*** Opening of GIVEN INFORMATION ***

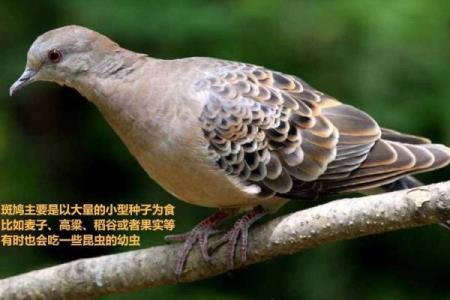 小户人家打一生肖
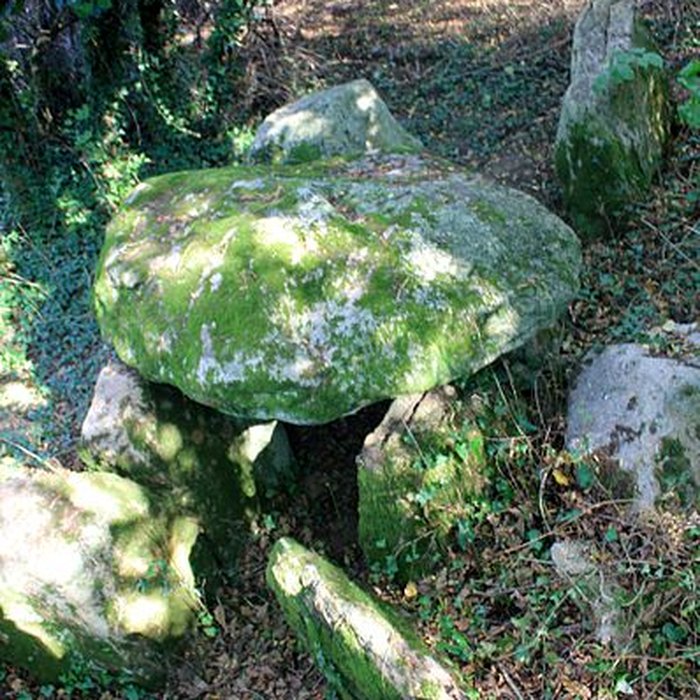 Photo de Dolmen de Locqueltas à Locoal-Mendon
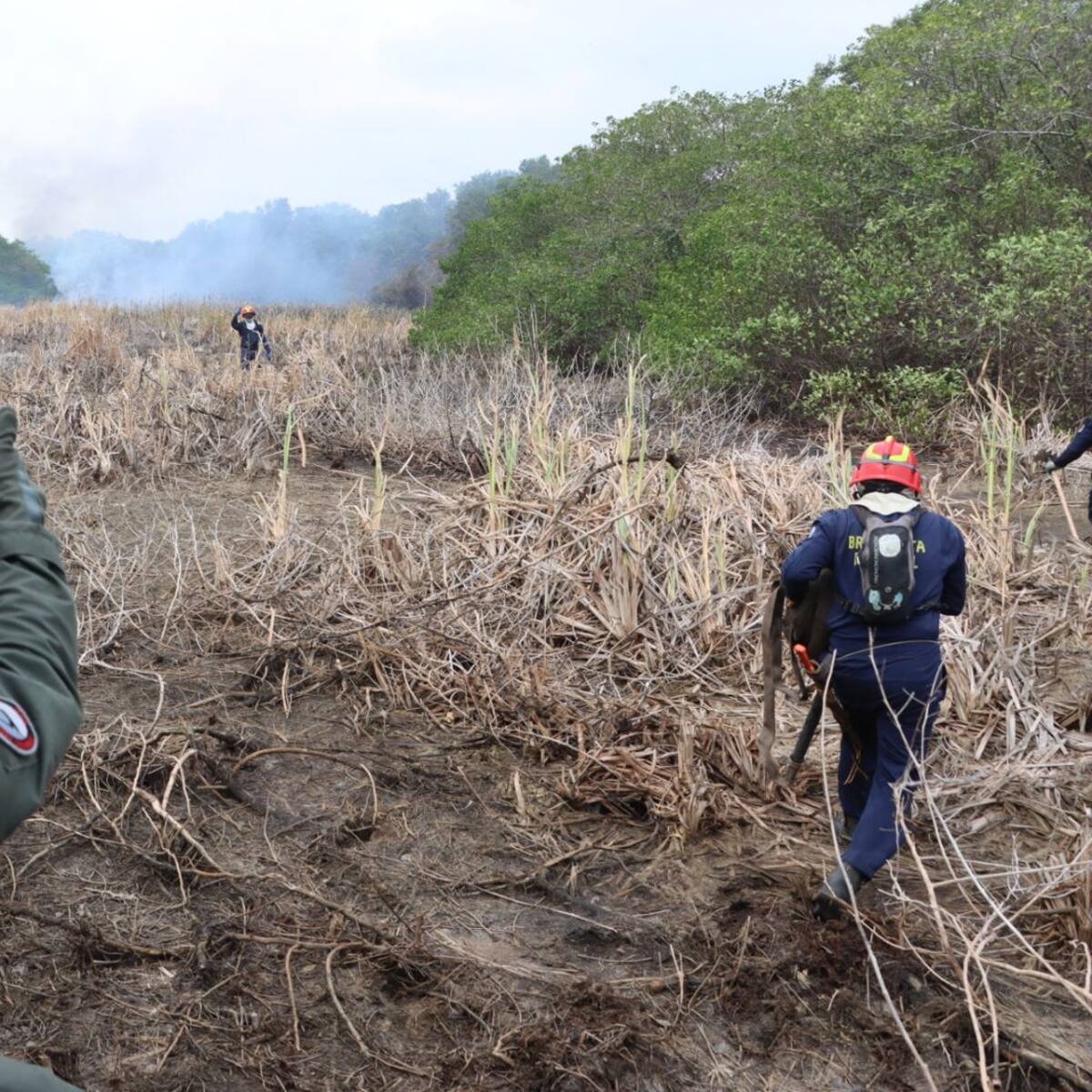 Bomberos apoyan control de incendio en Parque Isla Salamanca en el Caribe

*** Close of GIVEN INFORMATION ***

TASK OBJECTIVE:
All of the material above is to be copied exactly, except for its images.

RESULT FOR THIS TASK:
 小户人家打一生肖
 Photo de Dolmen de Locqueltas à Locoal-Mendon
 Bomberos apoyan control de incendio en Parque Isla Salamanca en el Caribe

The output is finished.